[Opening Available data section]

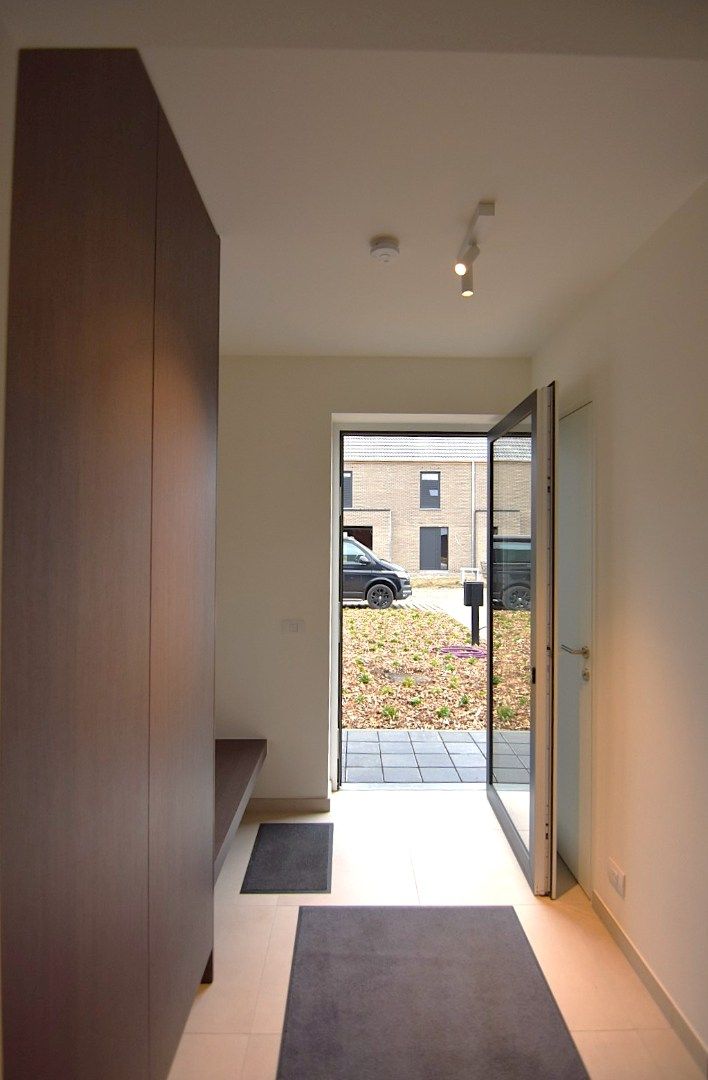 Prachtig afgewerkte nieuwbouw woning in leuke woonwijk foto 6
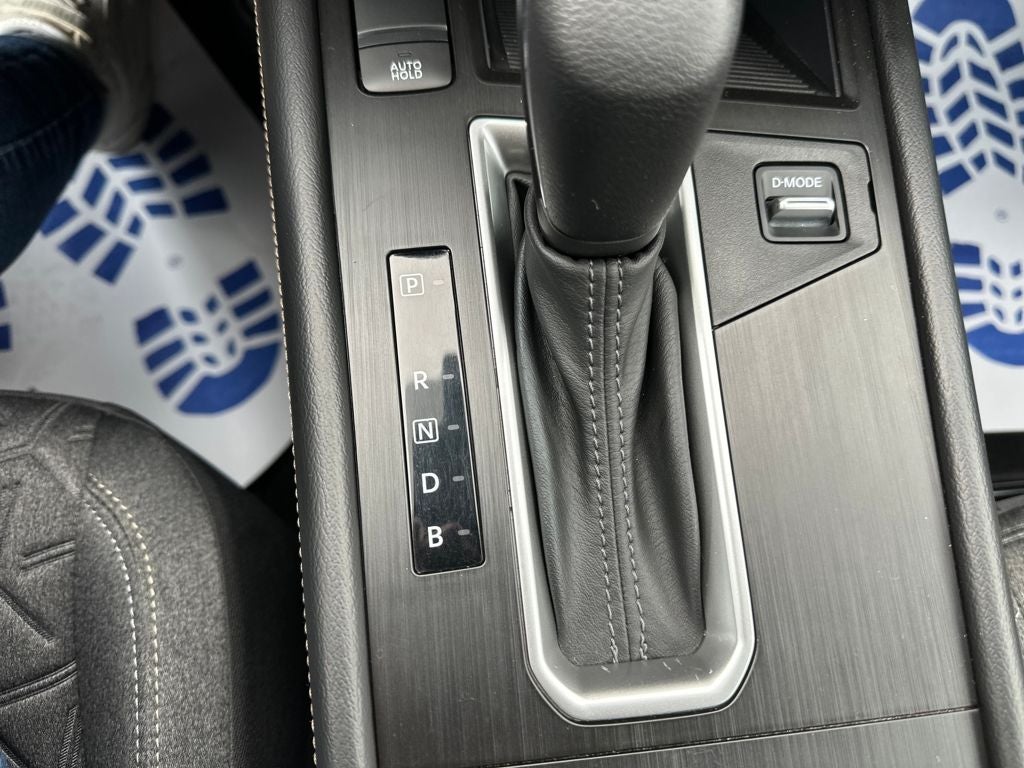 2025 Nissan Kicks MPV SV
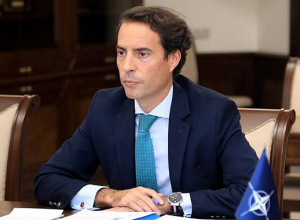 ՆԱՏՕ-ն աջակցում է Հայաստանի և Ադրբեջանի միջև հարաբերությունների կարգավորմանը. Խավիեր Կոլոմինա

[Closing Available data section]

**Work instruction:**
Would you retype every line shown above exactly, leaving the pictures aside?

**Task result:**
 Prachtig afgewerkte nieuwbouw woning in leuke woonwijk foto 6
 2025 Nissan Kicks MPV SV
 ՆԱՏՕ-ն աջակցում է Հայաստանի և Ադրբեջանի միջև հարաբերությունների կարգավորմանը. Խավիեր Կոլոմինա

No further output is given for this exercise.